Ich versuchte auszublenden, was daheim zu geschehen drohte und hoffte gleichzeitig, Österreich in erster Linie und auch andere Nachbarstaaten nähmen zügig Anleihe bei Italiens Form der Krisenbewältigung. Doch auch in Österreich wartete man zu lange, reagierte zu spät. Der winzige Erreger, dem ich für einen Moment entflohen zu sein glaubte, war auch im Osten Österreichs angekommen. Und mit ihm - immerhin - ein Bündel an Maßnahmen und Einschränkungen, um dessen Ausbreitung einzuhegen. 

 

Türkis-Grüne Appelle von Bundeskanzler Kurz, Vizekanzler Kogler, Innenminister Nehammer und Gesundheitsminister Anschober, soziale Kontakte und Menschenansammlungen zu vermeiden fruchten zunächst nur bedingt. Mit Unverständnis vernehme ich Meinungen und Kommentare in den sozialen Netzwerken die im Zusammenhang mit Schulschließungen und Ausgangsbeschränkungen von Unverhältnismäßigkeit und Übertreibung sprechen, die weiterhin Vergleiche mit der saisonalen Grippe ins Feld führen. Das Leben scheint für viele unbehelligt weiter zu gehen, der Ernst der Lage, scheint nicht allen bewusst.
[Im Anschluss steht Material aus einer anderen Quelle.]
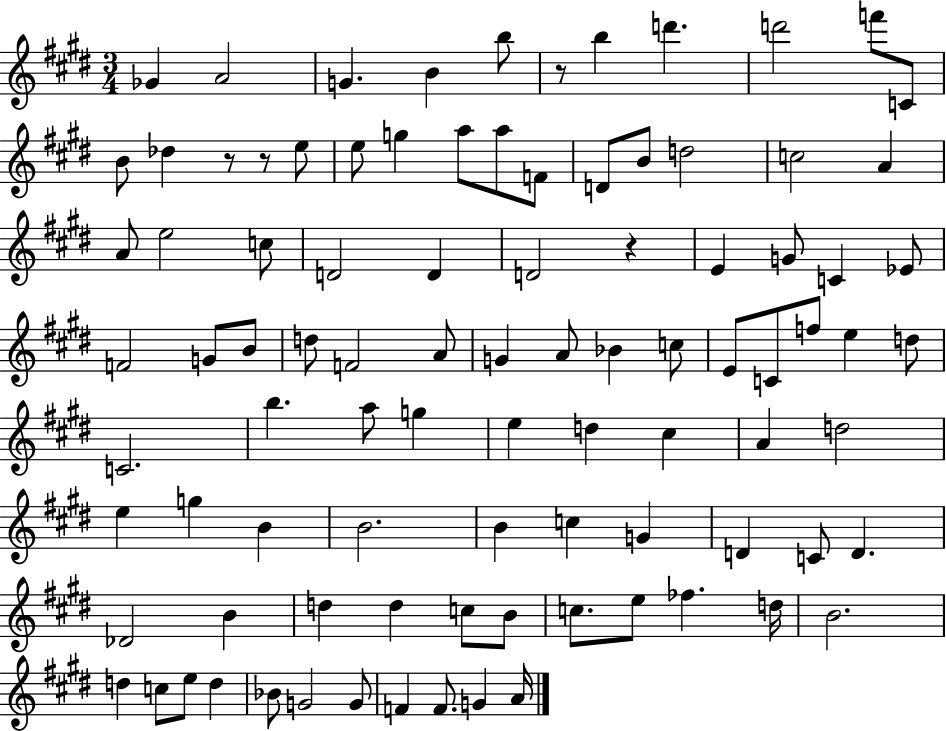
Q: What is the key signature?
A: E major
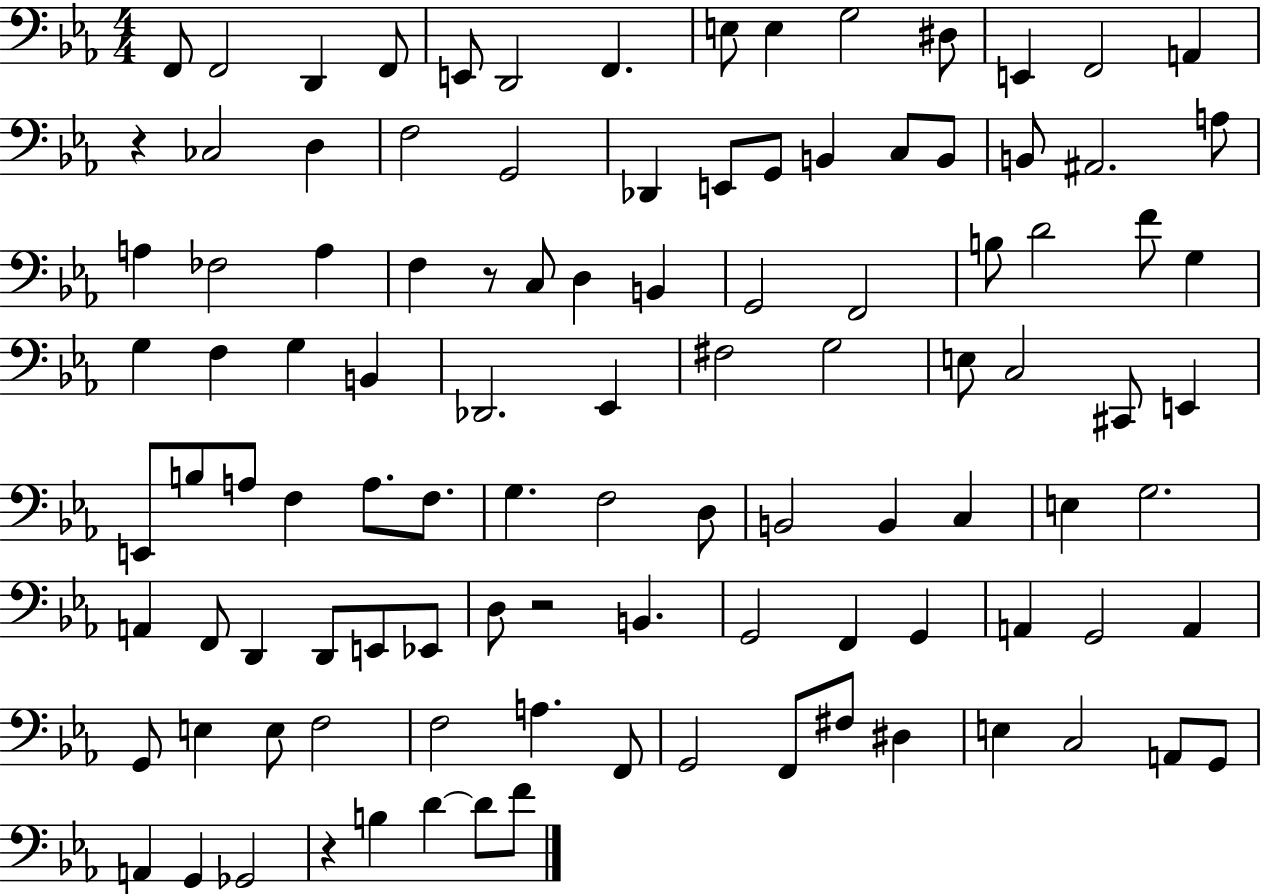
{
  \clef bass
  \numericTimeSignature
  \time 4/4
  \key ees \major
  \repeat volta 2 { f,8 f,2 d,4 f,8 | e,8 d,2 f,4. | e8 e4 g2 dis8 | e,4 f,2 a,4 | \break r4 ces2 d4 | f2 g,2 | des,4 e,8 g,8 b,4 c8 b,8 | b,8 ais,2. a8 | \break a4 fes2 a4 | f4 r8 c8 d4 b,4 | g,2 f,2 | b8 d'2 f'8 g4 | \break g4 f4 g4 b,4 | des,2. ees,4 | fis2 g2 | e8 c2 cis,8 e,4 | \break e,8 b8 a8 f4 a8. f8. | g4. f2 d8 | b,2 b,4 c4 | e4 g2. | \break a,4 f,8 d,4 d,8 e,8 ees,8 | d8 r2 b,4. | g,2 f,4 g,4 | a,4 g,2 a,4 | \break g,8 e4 e8 f2 | f2 a4. f,8 | g,2 f,8 fis8 dis4 | e4 c2 a,8 g,8 | \break a,4 g,4 ges,2 | r4 b4 d'4~~ d'8 f'8 | } \bar "|."
}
Nach wenigen Tagen in sozialer Isolation in unserer zahlenmäßig dezimierten Wohngemeinschaft in Wien Leopoldstadt und vereinzelten Spaziergängen an der schönen Donau und im Prater, spiele ich mit dem Gedanken, nun doch wieder die Heimreise anzutreten.  Vielleicht ist es die letzte Möglichkeit, bevor für einige Zeit jeglicher Zugverkehr eingestellt, die Grenzen völlig dicht gemacht würden. Wo lässt es sich wohl besser ausharren? Was, wenn sich die Lage daheim zum Besseren wendet und sich hier in Wien drastisch verschlechtert?
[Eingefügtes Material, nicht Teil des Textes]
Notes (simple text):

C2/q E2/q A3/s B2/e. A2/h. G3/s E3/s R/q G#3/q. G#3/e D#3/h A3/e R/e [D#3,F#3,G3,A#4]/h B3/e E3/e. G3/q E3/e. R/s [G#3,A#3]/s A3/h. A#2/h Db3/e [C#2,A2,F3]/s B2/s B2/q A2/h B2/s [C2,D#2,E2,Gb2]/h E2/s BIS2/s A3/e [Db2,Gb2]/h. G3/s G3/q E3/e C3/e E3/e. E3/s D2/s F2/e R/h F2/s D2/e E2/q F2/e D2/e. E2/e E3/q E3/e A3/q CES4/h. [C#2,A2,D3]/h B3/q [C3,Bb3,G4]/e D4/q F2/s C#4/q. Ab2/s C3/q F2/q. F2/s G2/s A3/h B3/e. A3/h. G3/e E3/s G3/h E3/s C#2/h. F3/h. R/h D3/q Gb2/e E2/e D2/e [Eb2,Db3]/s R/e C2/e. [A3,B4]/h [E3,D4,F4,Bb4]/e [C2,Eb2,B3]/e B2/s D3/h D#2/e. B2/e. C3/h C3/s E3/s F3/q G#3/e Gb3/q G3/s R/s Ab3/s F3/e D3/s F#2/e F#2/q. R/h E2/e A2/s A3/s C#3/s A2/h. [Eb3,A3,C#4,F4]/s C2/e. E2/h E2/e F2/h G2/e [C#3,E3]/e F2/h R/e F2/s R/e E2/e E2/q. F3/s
Was aber, wenn ich für einen Moment nicht nur an meine Befindlichkeiten denke, sondern einsehe, dass mein individuelles Handeln und Nicht-Handeln Einfluss darauf hat, wie es anderen (er)gehen könnte? Was, wenn ich die Lage einfach akzeptiere, meine Ausgänge auf ein Minimum reduziere, soziale Kontakte meide? Wenn es das einfachste Opfer ist, das ein junger Mensch bringen kann, um Eltern, Großeltern, Freunde und schlussendlich sich selbst zu schützen, warum ist es dann für viele schlicht entbehrlich?